In AD 985, Erik the Red established a colony in Greenland after being exiled from Iceland. At the time, the North Atlantic region was unusually warm – the so-called medieval warm period – but after a massive volcanic eruption in Indonesia in 1257, conditions became much colder for several centuries, a period known as the little ice age.
That led to the expansion of the Greenland ice sheet, say Marisa Borreggine at Harvard University and their colleagues, causing the land adjacent to the ice sheet to subside because of the increased weight. The bigger ice sheet also had a greater mass and so exerted a stronger gravitational pull on the waters around Greenland. These two factors had roughly equal effects on sea level there.
The growth of the Greenland ice sheet reduced global sea level by 7 millimetres during this time as it locked away water, but due to other factors, there was a small overall rise on average across the world. All of this contributed to the 3.3-metre rise around Greenland.
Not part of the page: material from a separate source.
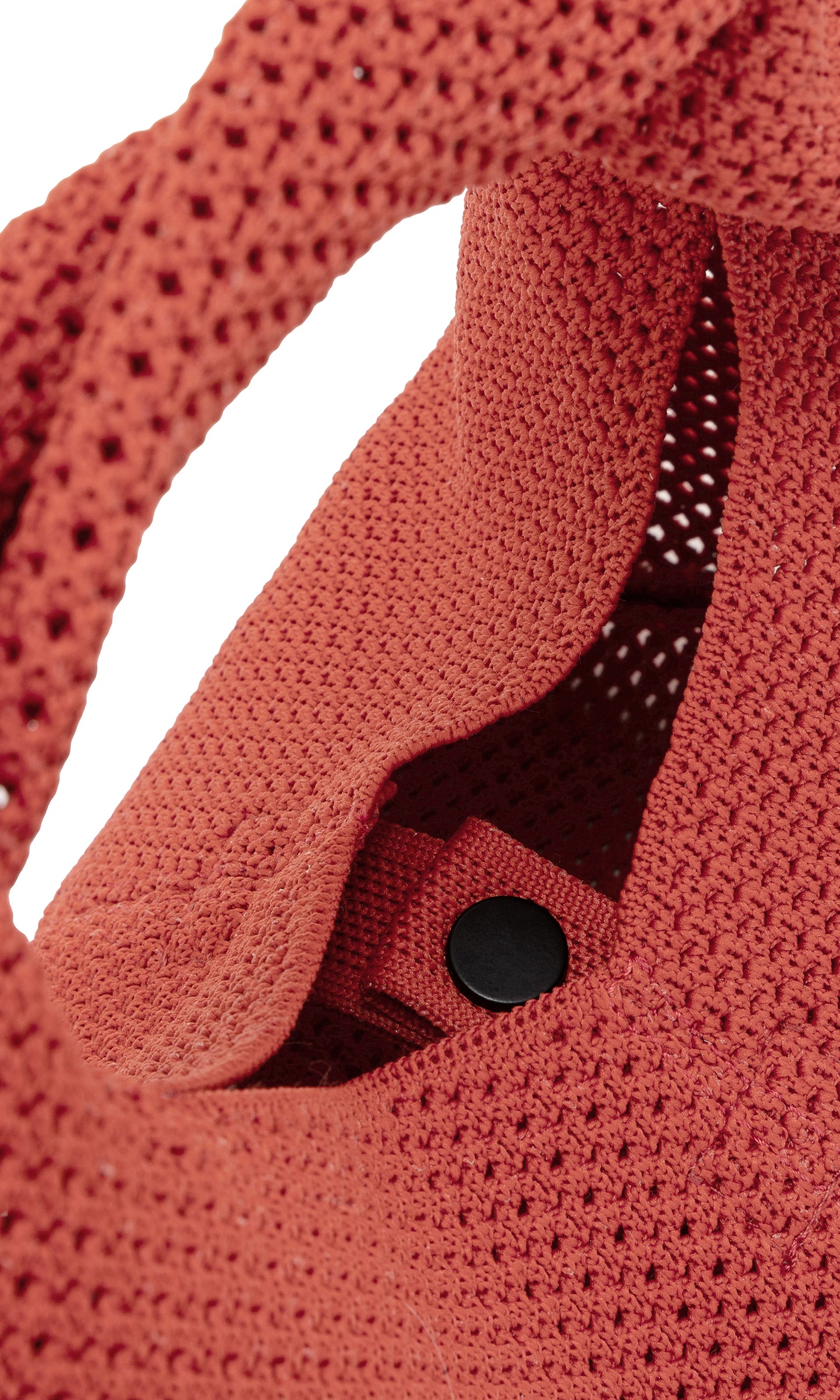 BOLSO TIKA MINI NARANJA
It was already known that the sea rose in Greenland when Vikings lived there, but Borreginne’s team is the first to calculate the effect. The findings show that the coast would have retreated hundreds of metres, with the water swamping more than 200 square kilometres of land and impinging on many farms and homes.
That must have had a major impact on the settlers. There is evidence that their diet shifted from land-based to sea-based, says Borreginne.
The settlers – including Erik the Red’s son Leif Erikson, who sailed to North America some 500 years before Christopher Columbus – were also grappling with colder weather making farming more difficult, conflict with Inuit peoples and reduced demand for walrus ivory as more elephant ivory reached Europe. By around 1450, all the settlements were abandoned.
“What we found is that sea level rise did indeed play a role in the Viking abandonment,” says Borreginne. “But it was not necessarily the number one cause.”
Greenland’s ice sheet is now shrinking fast. Local sea level is already falling around Greenland as the gravity effect weakens and the reduced weight of ice allows land to rise. If the entire ice sheet there melts, as may soon become inevitable, local sea level will fall by more than 100 metres over coming centuries– but rise globally by around 6 metres on average.